Usner’s company provides “recorded-live” weather reports to radio stations in exchange for advertising inventory it sells to clients nationwide. (The acquisition of RFN is dependent on the Parties completing due diligence and executing a Final Agreement.)
Radio Forecast Network, founded by Larry Usner in 2004, currently earns over $600,000 per month in radio spot advertising inventory on 216 radio stations in 37 states in addition to Puerto Rico and the Virgin Islands that it then sells to advertisers.
It receives the advertising inventory in exchange for delivering over 40,000 professionally recorded-live weather reports that air about 500,000 times each month.

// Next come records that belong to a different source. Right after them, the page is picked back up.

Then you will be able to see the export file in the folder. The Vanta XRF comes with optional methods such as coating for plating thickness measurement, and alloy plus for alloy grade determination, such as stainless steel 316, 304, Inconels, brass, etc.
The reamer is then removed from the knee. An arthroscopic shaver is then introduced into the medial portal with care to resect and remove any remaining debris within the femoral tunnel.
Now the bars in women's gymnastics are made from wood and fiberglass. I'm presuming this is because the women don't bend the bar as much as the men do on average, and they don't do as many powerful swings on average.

It has been growing at the rate of 40% per year, adding an average net gain of four to five new client stations per month.

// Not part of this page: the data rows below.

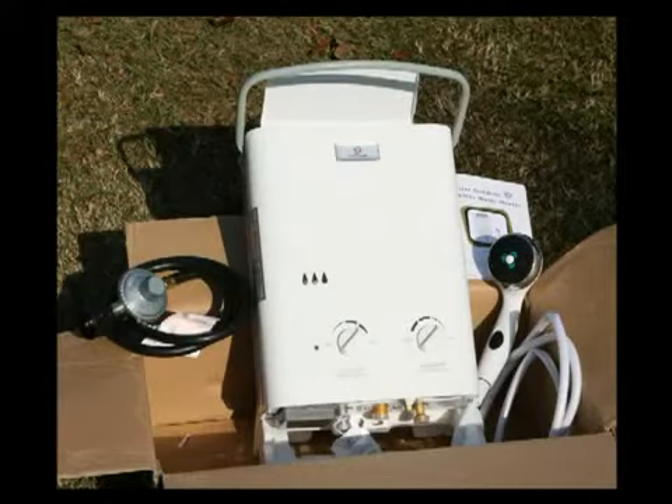Before we start, it's a good idea to make sure everything we need is right here, and check to be sure the unit was not damaged in shipping.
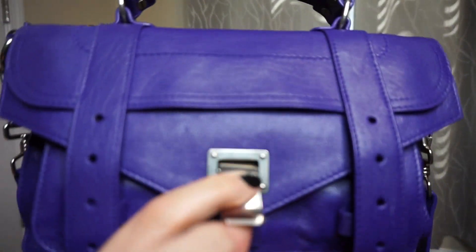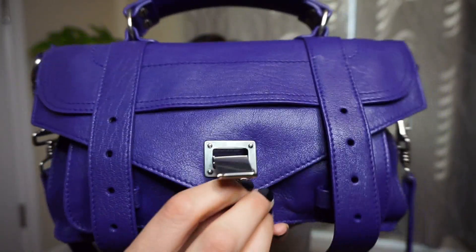The PS1 comes in different styles — some have a zip on the back, this one doesn't, it just has a pocket. Some have a zip-around closure. But this is the one I have and I absolutely love it. It's got the same buckle closure as the regular PS1. It goes like this, you just pull it down and it pops open. It's pretty easy — people ask if it's hard to do, and no, that's how easy it is.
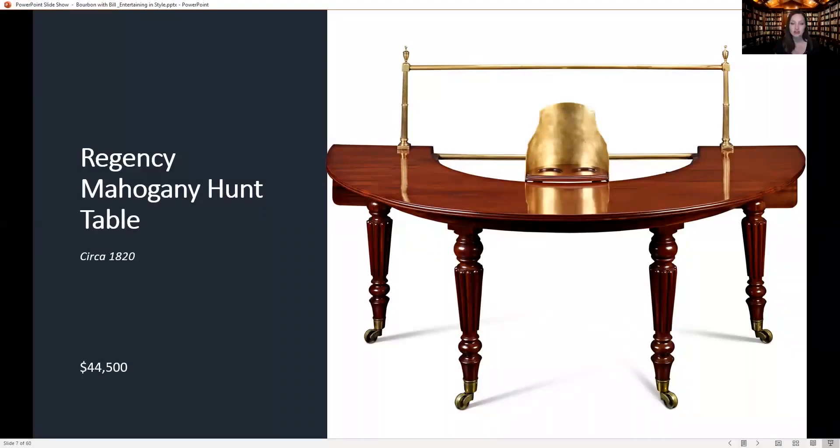This is known as a hunt or also a social table. Bill, this is a table that's truly multi-purpose. Can you tell us a little bit about it? I love this table. It's an extraordinarily rare model. We've owned this model maybe two or three times in my 40 years here, but it's a table that I would go out of my way to buy another one wherever.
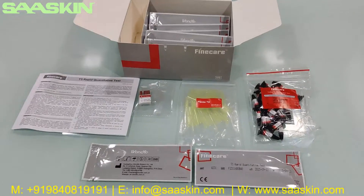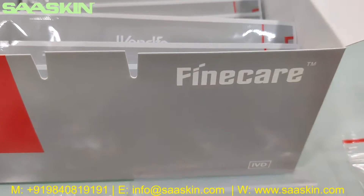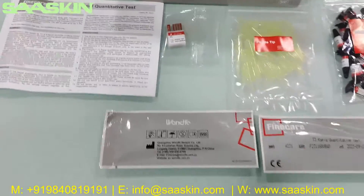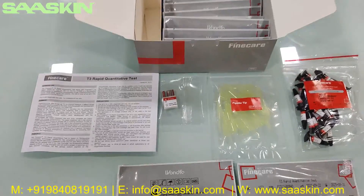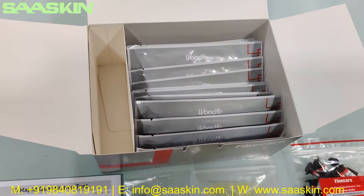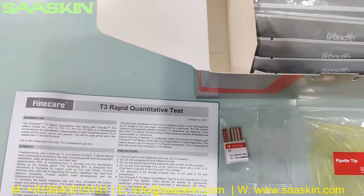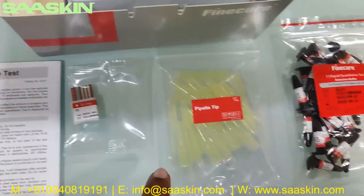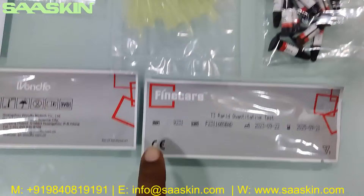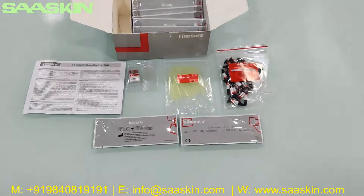Quickly to summarize: today we have seen the unboxing of FineCare T3 Rabbit Quantitative Test, which is used for testing thyroid function. In the 25 test kit pack, you get one instruction for use brochure, one ID chip, 25 paper tips, 25 reduction buffer tubes, and 25 test cassettes. This is how the total test kit looks like.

RFN’s rapid growth is due to a unique combination of bartering its recorded-live forecast services for advertising time on the stations, and its proprietary ManageWX(TM) software. With its software, more than 80 professional announcers and meteorologists now provide client radio stations with “recorded live” weather feeds specific to their coverage areas, using their call letters, a custom open and close that can include a sponsor, and a jingle, all at 100% barter.
ManageWX(TM) announcer software, allows the 80 meteorologists and forecasters on the RFN team to see, in one screen shot, exactly how each affiliate station wants their weather presented — the open, the close, the sponsor, the length of the feed, the daypart in which it airs, and, of course, the weather data specific to that station’s coverage area.
Once recorded, it’s uploaded to RFN’s website and available for download by the station, either through RFN’s partnership with Digital Jukebox and its “Radio Spiders” software and the station’s automation system, or manually by a station staff member.
Many radio stations, which have been reducing their own staffs, have leapt at the opportunity to obtain the weather forecasts with bartered time instead of cash. The radio stations can then attract cash-paying advertisers to sponsor their local weather forecasts, which typically have resulted in RFN receiving long-term contracts.
The advertising space RFN receives airs at excellent times, between 6am and 6pm. It sells this advertising for cash (typically at a discount) or can use it to sell others’ products and services for a revenue share of sales.